Exercise details: Set down, exactly and only, everything from the line containing "Lionel Thomas &" down to the line containing "Aire Marble Book Stand" in the data below; the pictures are not part of the copy.

Data provided:
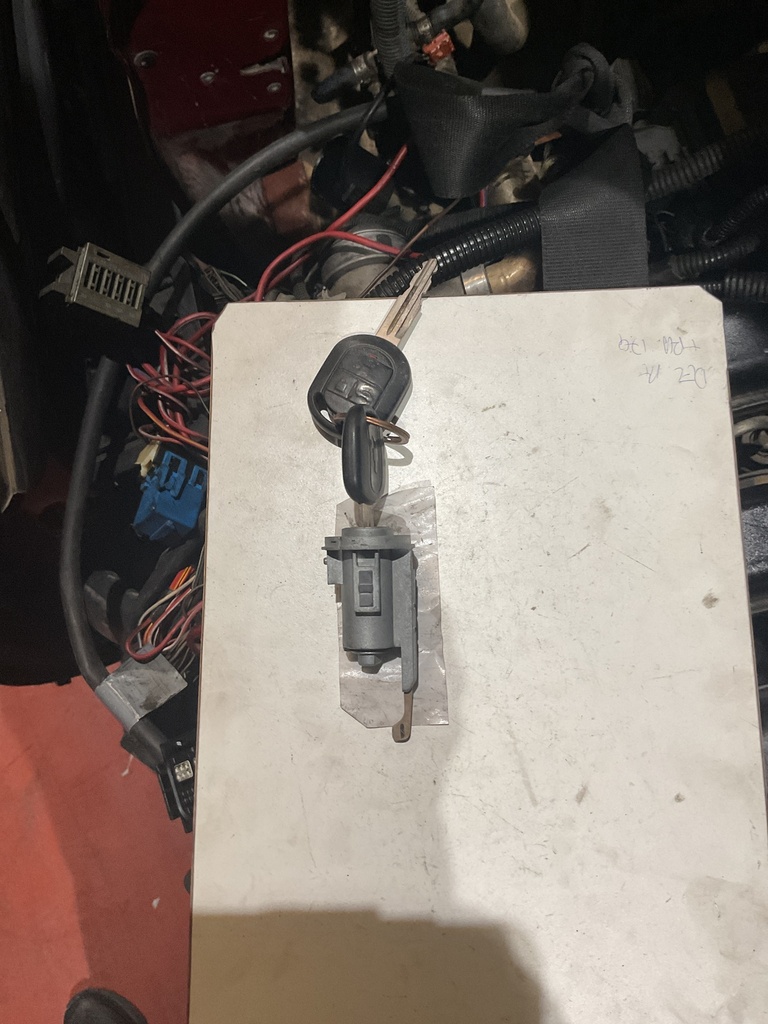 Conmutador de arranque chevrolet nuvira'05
---
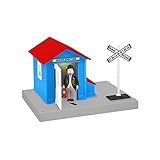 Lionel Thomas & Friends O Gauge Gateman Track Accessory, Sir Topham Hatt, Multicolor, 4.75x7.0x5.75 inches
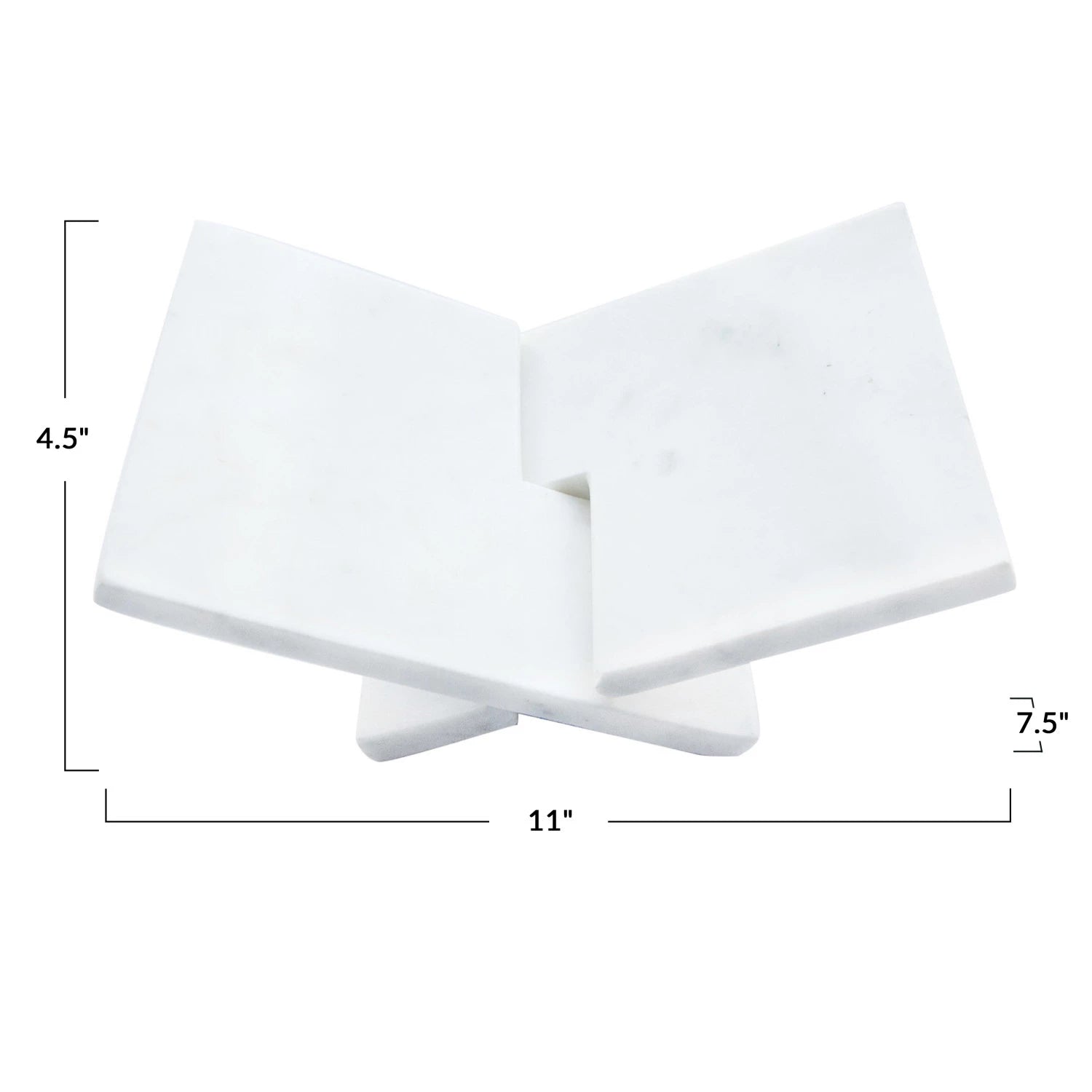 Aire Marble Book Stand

Exercise output:
 Lionel Thomas & Friends O Gauge Gateman Track Accessory, Sir Topham Hatt, Multicolor, 4.75x7.0x5.75 inches
 Aire Marble Book Stand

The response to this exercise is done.